Artifact Editions
These eyepieces ship with fragments of actual aircraft.
Not as decoration. As continuity. Each artifact edition is paired with authenticated material sourced from a specific aircraft with a documented service history. Housed in the packaging. Held alongside the object it belongs with.
Every artifact edition ships with provenance documentation. The aircraft's designation. Its service history. The years it flew and where it flew them. A record of what the material was before it became what it is now.
You are not wearing a reference to something that happened. You are carrying something that was there.
Artifact editions are produced in numbered series. Each edition is fixed at the time of production. There is no second run. When the series is complete, it is complete.
NA P-51 MUSTANG
P-51D Mustang ‘Janie’ was constructed By North American Aviation in Dallas Texas in 1945. One of a batch of 10 which left the factory on 16th July 1945, it was shipped to New Zealand where it spent the next 10 years as NZ2427. NZ2427 was sold in May 1958 for the equivalent of £80 to Barry North and Pete Colman, remaining on Pete Colmans farm until 1990. In 1990 the Alpine Fighter Collection of New Zealand purchased the airframe and it was moved into storage at their headquarters at Wanaka. In 1997 the current owner Maurice Hammond purchased the airframe and transported it to the UK, registering it as G-MSTG. Over the next 4 ½ years Maurice undertook a full restoration including an overhaul of the Packard Merlin engine. Its maiden post restoration flight was on Friday July 13th 2001 in the WWII colour scheme of Major Bill Price from the 350th Squadron, 353rd Fighter Group based at Raydon, Essex.
HAWKER HURRICANE
This Eyepiece inherits the legacy of the formidable Hawker Hurricane, WWII's most resilient fighter.

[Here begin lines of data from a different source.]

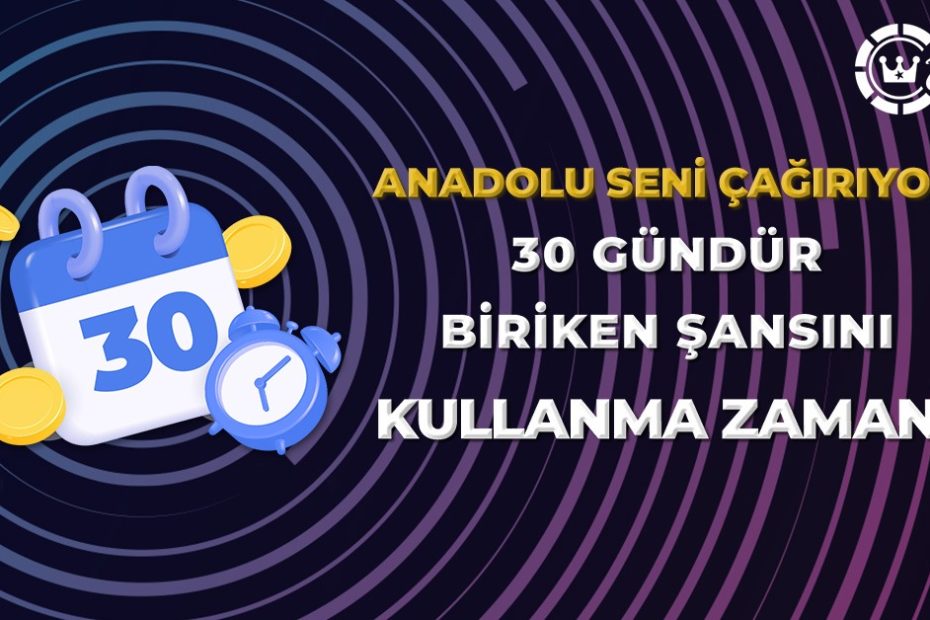 Anadolu Casino Okey Oyunu Oyna, Anadolubahis Okey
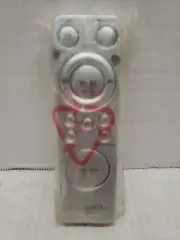 NEW Original Emerson RC200 SILVER Audio Receiver Remote Control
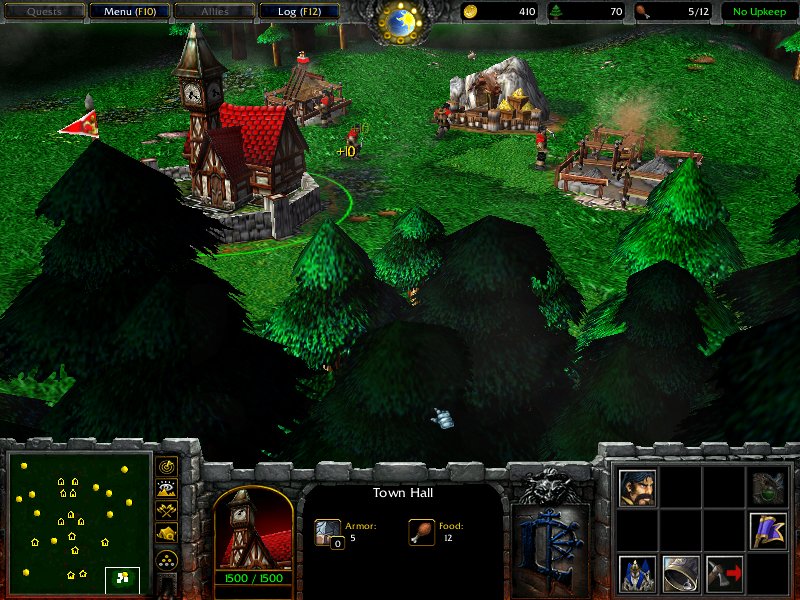 Darkwar Forest Screenshot 1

We’ve worked with authentic components - a compass and tail wheel fragment from a Hawker Hurricane - extremely rare and real collectibles. We’ve confirmed these fragments’ origins, but tracing them back to their specific planes has been a bit tricky. Yet, we believe these parts belong to aircraft that participated in the Battle of Britain, possibly even shot down during combat. This mystery adds an intriguing element and an extraordinary story to tell.